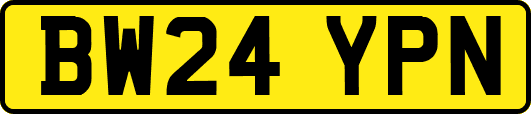 BW24YPN
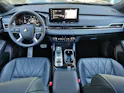 Mitsubishi Outlander 2.4 PHEV Sport 4x4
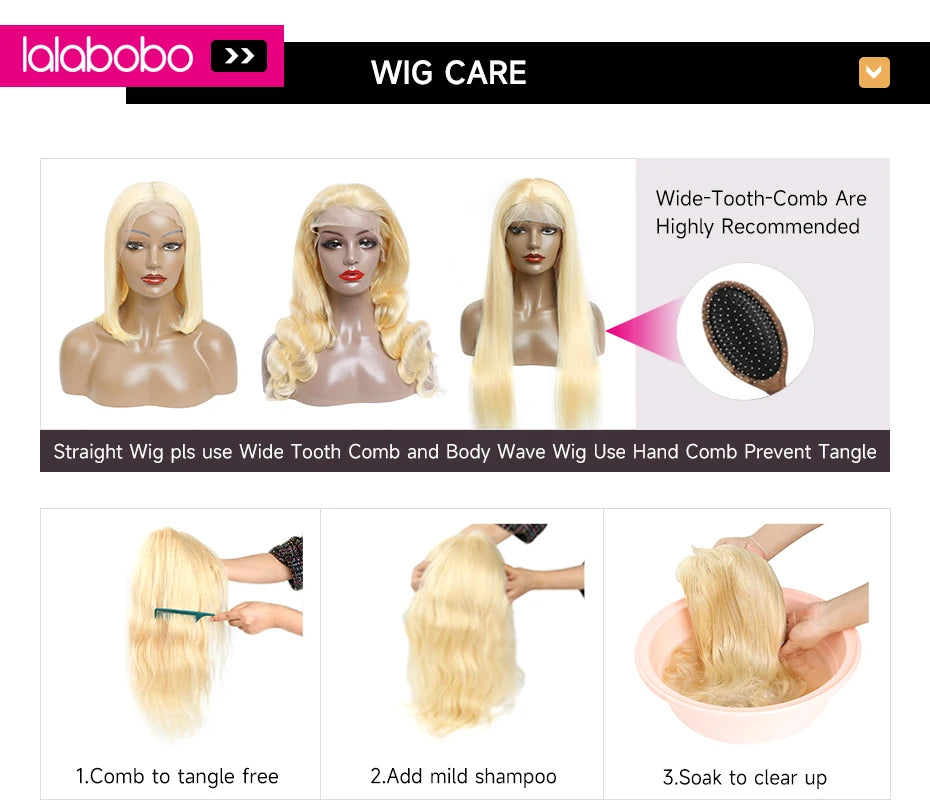 13x6 Ash Blonde Highlight Lace Front Human Hair Wig Bone Straight Ash Brown Colored Human Hair Wigs For Women Brazilian Hair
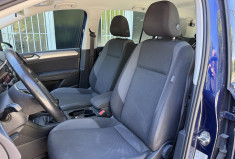 Volkswagen Touran 1.0 TSI 115 TrendLine 7 Places / CarPlay / Radar de recul / Entretien OK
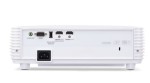 Acer Projektor HL6820GTV DLP L 3840x2160 UHD 4K 4000ANSI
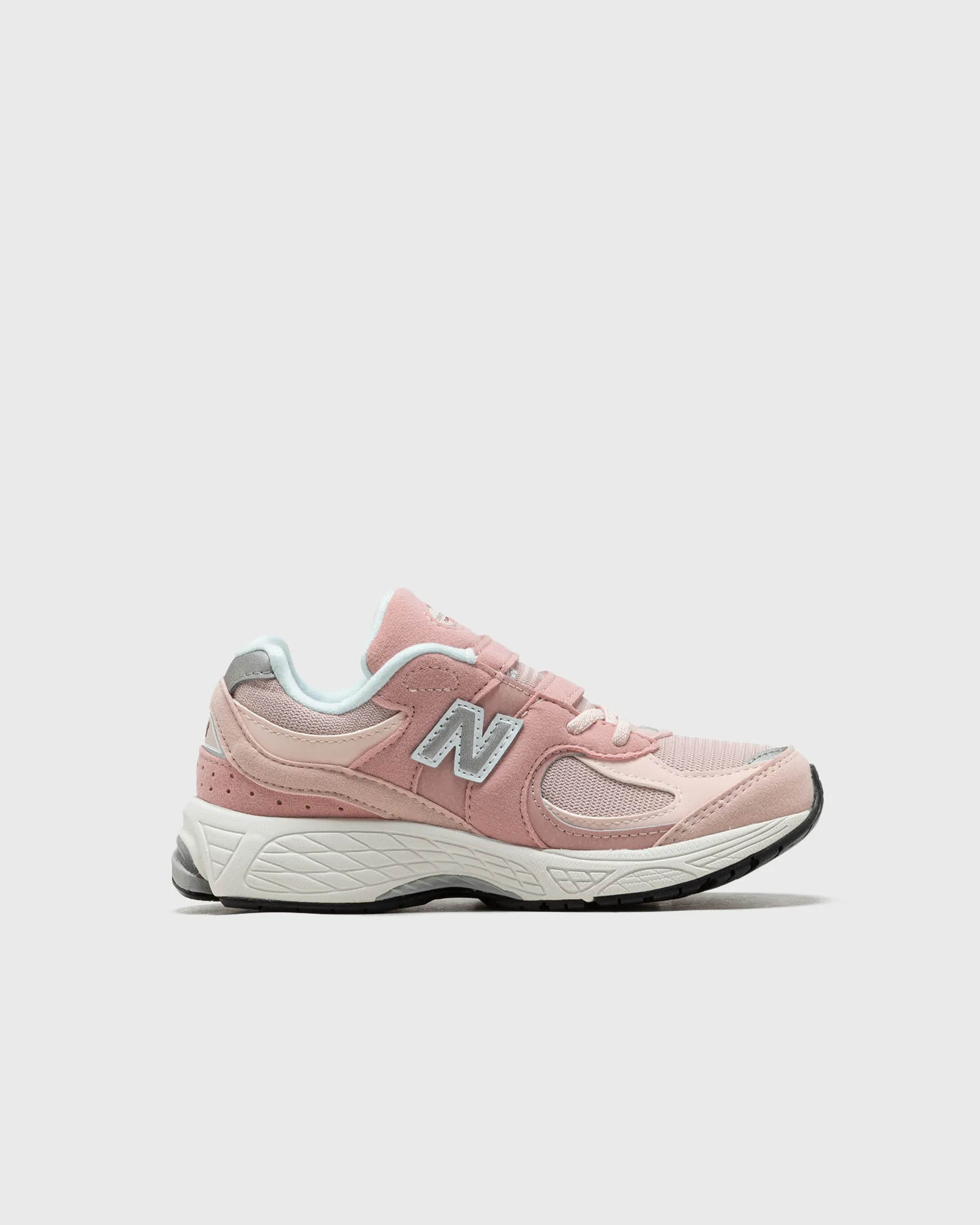 New Balance PV2002V1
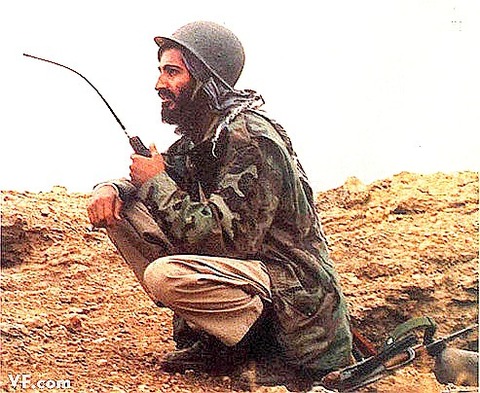 omar-bin-laden-0910-015b105d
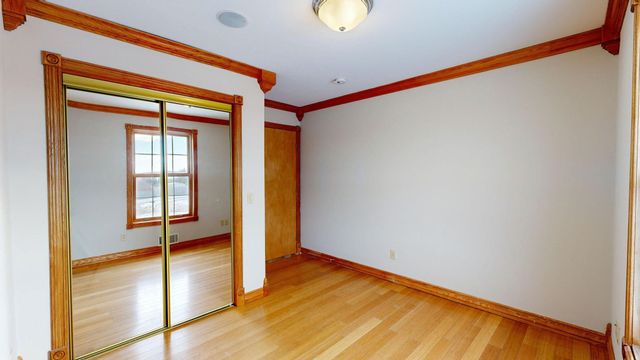 3750 Moccasin, Mount Pleasant, MI 48858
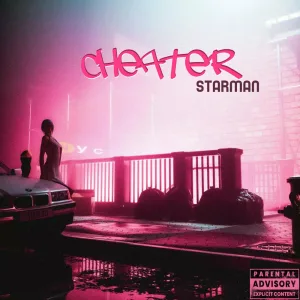 Cheater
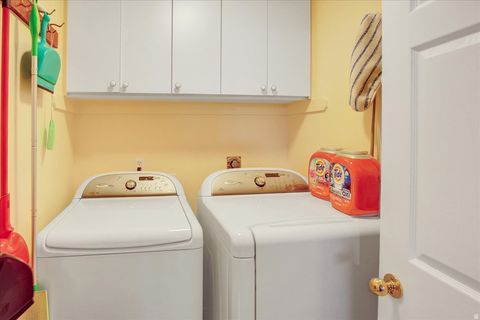 Tiny photo for 1069 E 5600 S, South Ogden, UT 84405 (MLS # 2124033)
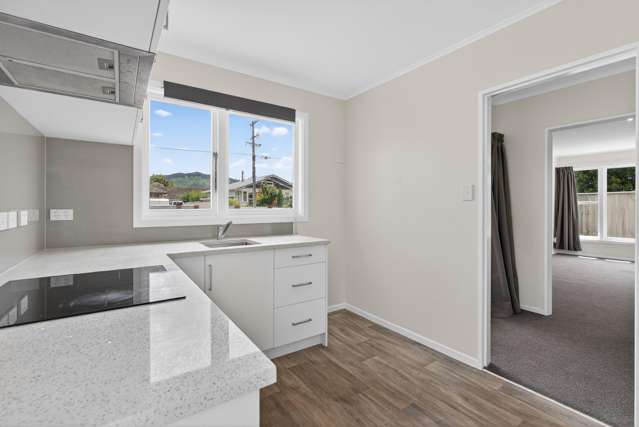 1/57 Ararino Street Trentham_3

#####

Exercise prompt
Beginning with the line that contains "3750 Moccasin, Mount Pleasant, MI 48858" and ending with the last line of the entries above, repeat each line exactly, but not the pictures.

Your response
 3750 Moccasin, Mount Pleasant, MI 48858
 Cheater
 Tiny photo for 1069 E 5600 S, South Ogden, UT 84405 (MLS # 2124033)
 1/57 Ararino Street Trentham_3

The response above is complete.